- TASK BRIEF -
Every line of the data below must be given again exactly.

- DATA TO EXAMINE -

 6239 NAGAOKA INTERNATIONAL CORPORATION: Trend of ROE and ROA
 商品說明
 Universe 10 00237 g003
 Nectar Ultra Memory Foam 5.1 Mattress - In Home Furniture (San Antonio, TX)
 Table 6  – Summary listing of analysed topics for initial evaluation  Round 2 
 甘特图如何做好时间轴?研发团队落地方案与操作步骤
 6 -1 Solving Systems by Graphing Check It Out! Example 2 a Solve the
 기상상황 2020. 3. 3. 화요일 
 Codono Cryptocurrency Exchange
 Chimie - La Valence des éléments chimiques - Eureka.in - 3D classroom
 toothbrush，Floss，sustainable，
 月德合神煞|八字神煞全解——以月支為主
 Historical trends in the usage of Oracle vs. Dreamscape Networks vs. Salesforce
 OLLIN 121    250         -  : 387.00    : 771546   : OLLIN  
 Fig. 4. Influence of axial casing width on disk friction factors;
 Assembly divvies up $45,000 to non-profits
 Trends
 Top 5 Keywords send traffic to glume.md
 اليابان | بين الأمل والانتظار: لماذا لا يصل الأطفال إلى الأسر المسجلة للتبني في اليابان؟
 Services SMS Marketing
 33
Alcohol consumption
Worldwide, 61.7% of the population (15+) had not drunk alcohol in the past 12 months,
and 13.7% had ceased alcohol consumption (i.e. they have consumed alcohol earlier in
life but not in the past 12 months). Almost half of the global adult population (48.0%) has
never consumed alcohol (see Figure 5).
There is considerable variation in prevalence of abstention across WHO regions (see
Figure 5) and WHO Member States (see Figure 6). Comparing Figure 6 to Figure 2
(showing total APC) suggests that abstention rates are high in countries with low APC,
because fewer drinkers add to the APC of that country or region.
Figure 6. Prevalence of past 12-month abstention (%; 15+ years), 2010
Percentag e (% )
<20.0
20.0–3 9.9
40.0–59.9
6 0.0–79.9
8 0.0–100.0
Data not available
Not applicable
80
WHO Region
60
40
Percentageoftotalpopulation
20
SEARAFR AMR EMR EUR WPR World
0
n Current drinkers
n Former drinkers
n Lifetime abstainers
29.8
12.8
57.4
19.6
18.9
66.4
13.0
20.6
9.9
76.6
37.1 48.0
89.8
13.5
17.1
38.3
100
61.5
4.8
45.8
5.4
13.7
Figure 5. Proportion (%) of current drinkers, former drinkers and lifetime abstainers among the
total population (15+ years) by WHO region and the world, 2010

- OUTPUT OF THE EXERCISE -
 6239 NAGAOKA INTERNATIONAL CORPORATION: Trend of ROE and ROA
 商品說明
 Universe 10 00237 g003
 Nectar Ultra Memory Foam 5.1 Mattress - In Home Furniture (San Antonio, TX)
 Table 6  – Summary listing of analysed topics for initial evaluation  Round 2 
 甘特图如何做好时间轴?研发团队落地方案与操作步骤
 6 -1 Solving Systems by Graphing Check It Out! Example 2 a Solve the
 기상상황 2020. 3. 3. 화요일 
 Codono Cryptocurrency Exchange
 Chimie - La Valence des éléments chimiques - Eureka.in - 3D classroom
 toothbrush，Floss，sustainable，
 月德合神煞|八字神煞全解——以月支為主
 Historical trends in the usage of Oracle vs. Dreamscape Networks vs. Salesforce
 OLLIN 121    250         -  : 387.00    : 771546   : OLLIN  
 Fig. 4. Influence of axial casing width on disk friction factors;
 Assembly divvies up $45,000 to non-profits
 Trends
 Top 5 Keywords send traffic to glume.md
 اليابان | بين الأمل والانتظار: لماذا لا يصل الأطفال إلى الأسر المسجلة للتبني في اليابان؟
 Services SMS Marketing
 33
Alcohol consumption
Worldwide, 61.7% of the population (15+) had not drunk alcohol in the past 12 months,
and 13.7% had ceased alcohol consumption (i.e. they have consumed alcohol earlier in
life but not in the past 12 months). Almost half of the global adult population (48.0%) has
never consumed alcohol (see Figure 5).
There is considerable variation in prevalence of abstention across WHO regions (see
Figure 5) and WHO Member States (see Figure 6). Comparing Figure 6 to Figure 2
(showing total APC) suggests that abstention rates are high in countries with low APC,
because fewer drinkers add to the APC of that country or region.
Figure 6. Prevalence of past 12-month abstention (%; 15+ years), 2010
Percentag e (% )
<20.0
20.0–3 9.9
40.0–59.9
6 0.0–79.9
8 0.0–100.0
Data not available
Not applicable
80
WHO Region
60
40
Percentageoftotalpopulation
20
SEARAFR AMR EMR EUR WPR World
0
n Current drinkers
n Former drinkers
n Lifetime abstainers
29.8
12.8
57.4
19.6
18.9
66.4
13.0
20.6
9.9
76.6
37.1 48.0
89.8
13.5
17.1
38.3
100
61.5
4.8
45.8
5.4
13.7
Figure 5. Proportion (%) of current drinkers, former drinkers and lifetime abstainers among the
total population (15+ years) by WHO region and the world, 2010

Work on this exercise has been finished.